BEGIN Material supplied
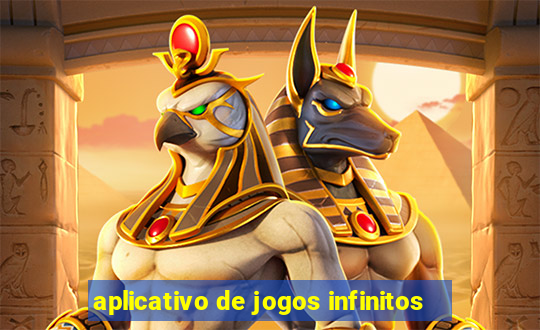 aplicativo de jogos infinitos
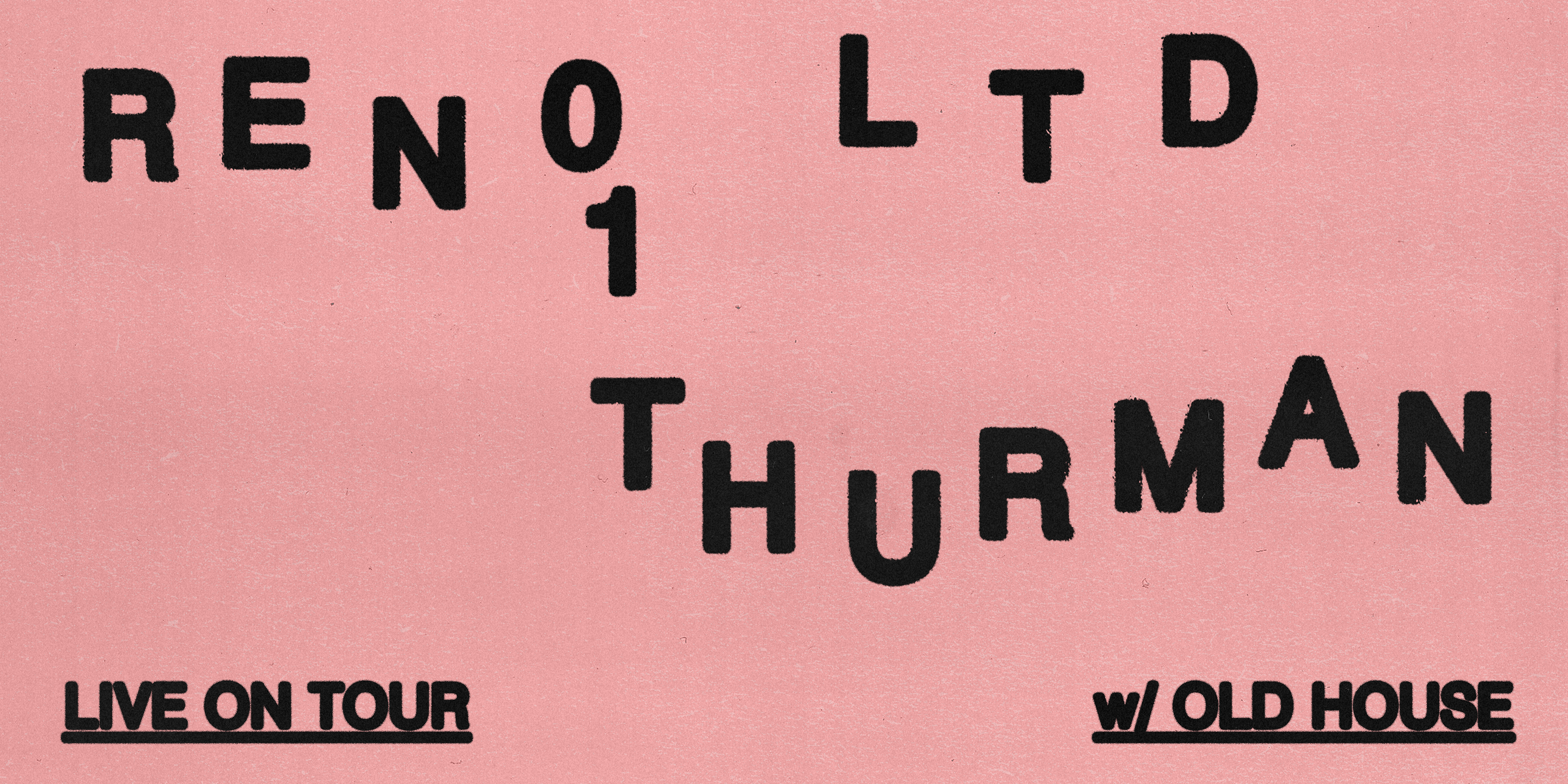 RENO LTD + 01 THURMAN | FREE ENTRY SHOW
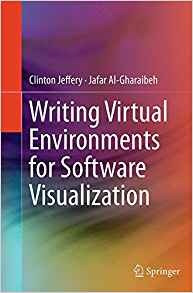 Writing Virtual Environments For Software Visualization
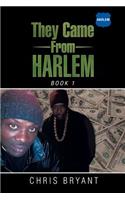 They Came From Harlem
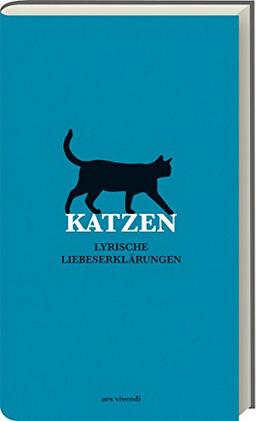 Katzen - Lyrische Liebeserklärungen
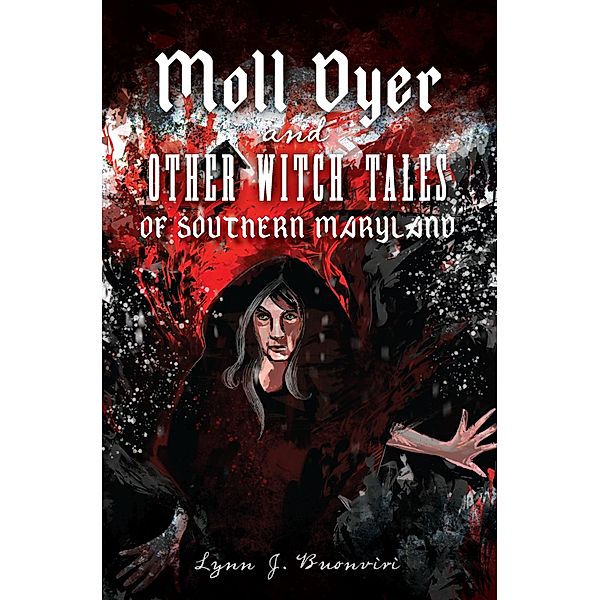 Moll Dyer and Other Witch Tales of Southern Maryland, Lynn J. Buonviri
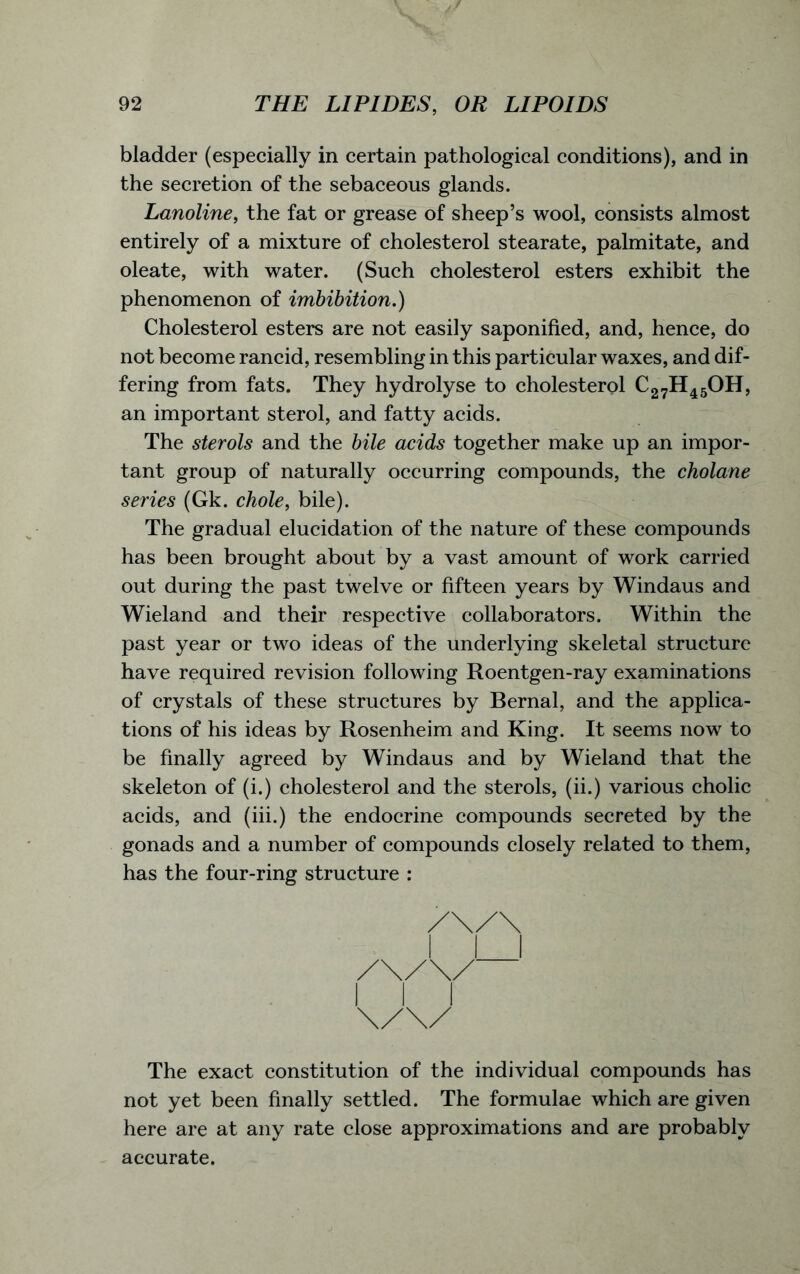 bladder (especially in certain pathological conditions), and in the secretion of the sebaceous glands. Lanoline, the fat or grease of sheep’s wool, consists almost entirely of a mixture of cholesterol stearate, palmitate, and oleate, with water. (Such cholesterol esters exhibit the phenomenon of imbibition.) Cholesterol esters are not easily saponified, and, hence, do not become rancid, resembling in this particular waxes, and dif- fering from fats. They hydrolyse to cholesterol c27h45oh, an important sterol, and fatty acids. The sterols and the bile acids together make up an impor- tant group of naturally occurring compounds, the cholane series (Gk. chole, bile). The gradual elucidation of the nature of these compounds has been brought about by a vast amount of work carried out during the past twelve or fifteen years by Windaus and Wieland and their respective collaborators. Within the past year or two ideas of the underlying skeletal structure have required revision following Roentgen-ray examinations of crystals of these structures by Bernal, and the applica- tions of his ideas by Rosenheim and King. It seems now to be finally agreed by Windaus and by Wieland that the skeleton of (i.) cholesterol and the sterols, (ii.) various cholic acids, and (iii.) the endocrine compounds secreted by the gonads and a number of compounds closely related to them, has the four-ring structure : The exact constitution of the individual compounds has not yet been finally settled. The formulae which are given here are at any rate close approximations and are probably accurate.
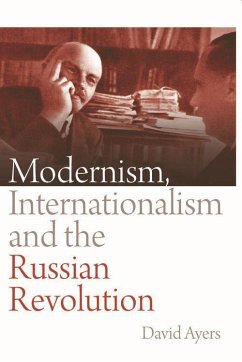 Modernism, Internationalism and the Russian Revolution - Ayers, David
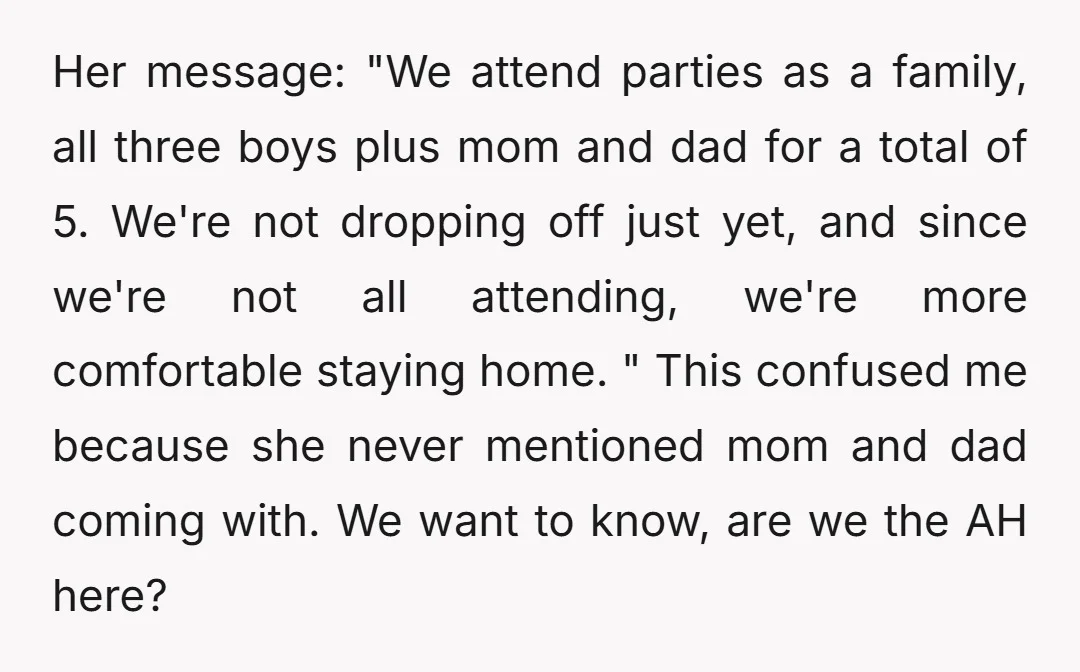 Her message: "We attend parties as a family, all three boys plus mom and dad for a total of 5. We're not dropping off just yet, and since we're not...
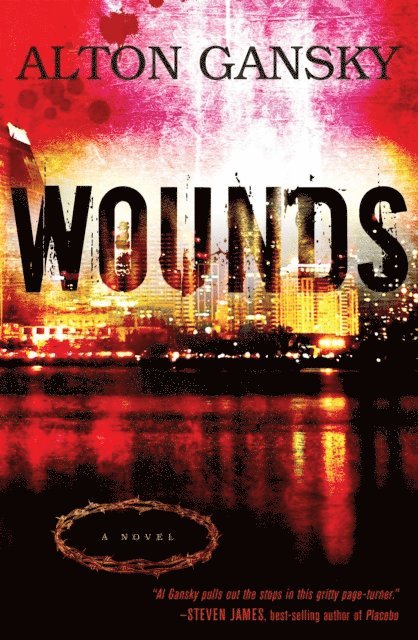 Alton Gansky - Wounds, E-bok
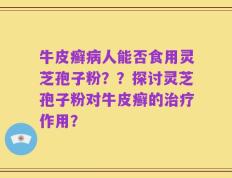 牛皮癣病人能否食用灵芝孢子粉？？探讨灵芝孢子粉对牛皮癣的治疗作用？
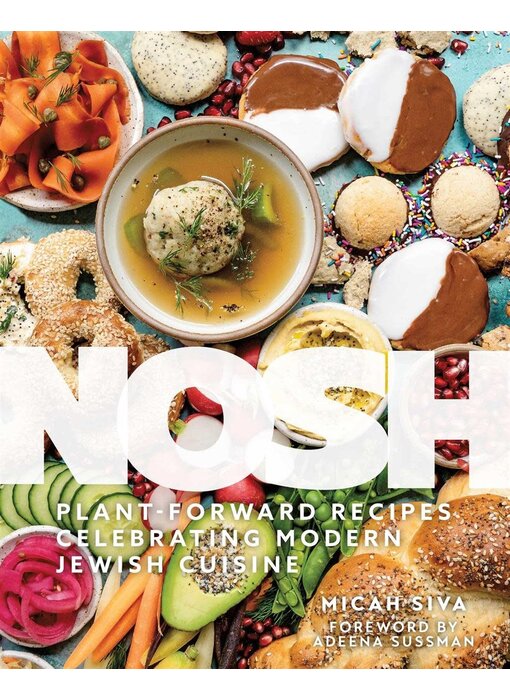 Nosh : Plant-Forward Recipes Celebrating Modern Jewish Cuisine - Micah Siva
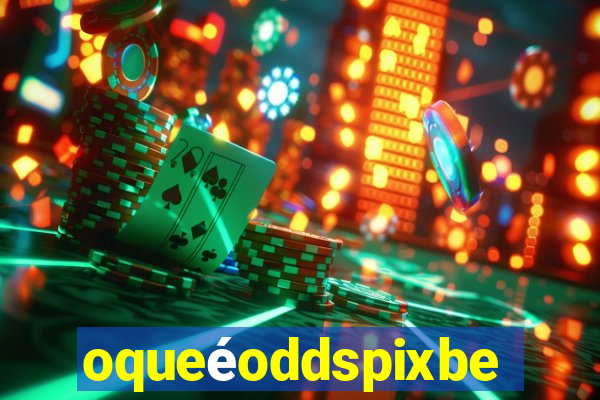 oqueéoddspixbet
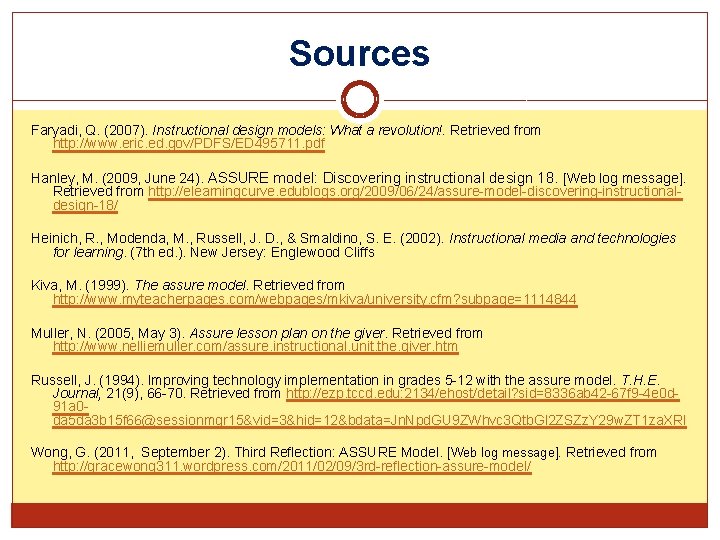 Sources Faryadi, Q. (2007). Instructional design models: What a revolution!. Retrieved from http: //www.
END Material supplied
• Exercise objective: Set down word for word the lines above from the one with "Katzen - Lyrische Liebeserklärungen" up to and including the one with "Moll Dyer and". Omit every picture.

• Result:
 Katzen - Lyrische Liebeserklärungen
 Moll Dyer and Other Witch Tales of Southern Maryland, Lynn J. Buonviri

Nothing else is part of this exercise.